WHAT TO DO:
Copy each line of the listing below exactly and drop the images.

PROVIDED MATERIAL:

━━━━━━━━━━━━━━━━━━━━━━━━━━━━━━

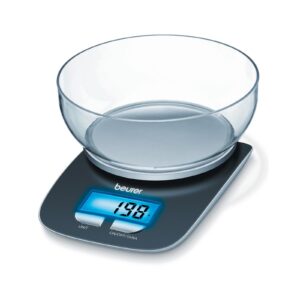 Electronic scale with bowl - blue light 3 kg/1 g/1.2 L Balances Cristel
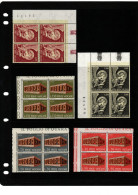 Vatican City  L Mint Never Hinged Stamps 5 Block Of 4  Lot 63 - Mezclas (max 999 Sellos)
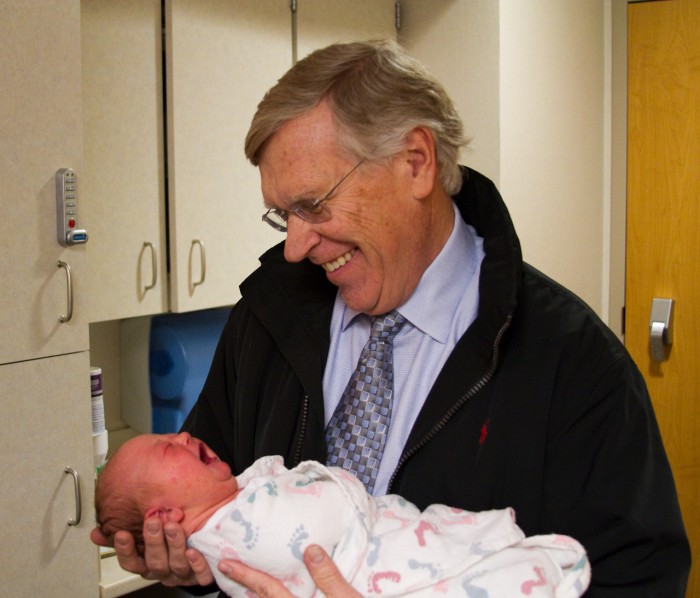 Great Uncle Dave and Eli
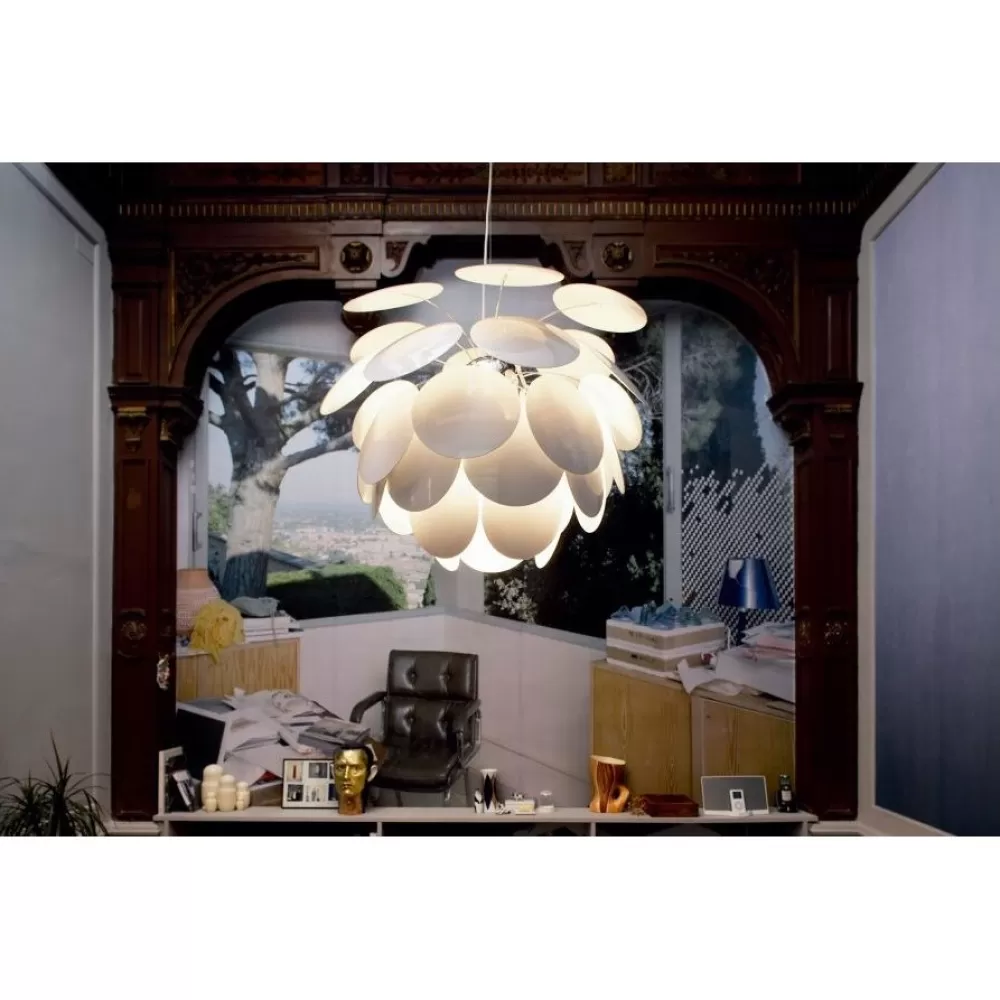 Lampade A Sospensione^Marset Discoco 88 | Lampada A Sospensione | Bianco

━━━━━━━━━━━━━━━━━━━━━━━━━━━━━━

ANSWER TO THIS TASK:
 Electronic scale with bowl - blue light 3 kg/1 g/1.2 L Balances Cristel
 Vatican City  L Mint Never Hinged Stamps 5 Block Of 4  Lot 63 - Mezclas (max 999 Sellos)
 Great Uncle Dave and Eli
 Lampade A Sospensione^Marset Discoco 88 | Lampada A Sospensione | Bianco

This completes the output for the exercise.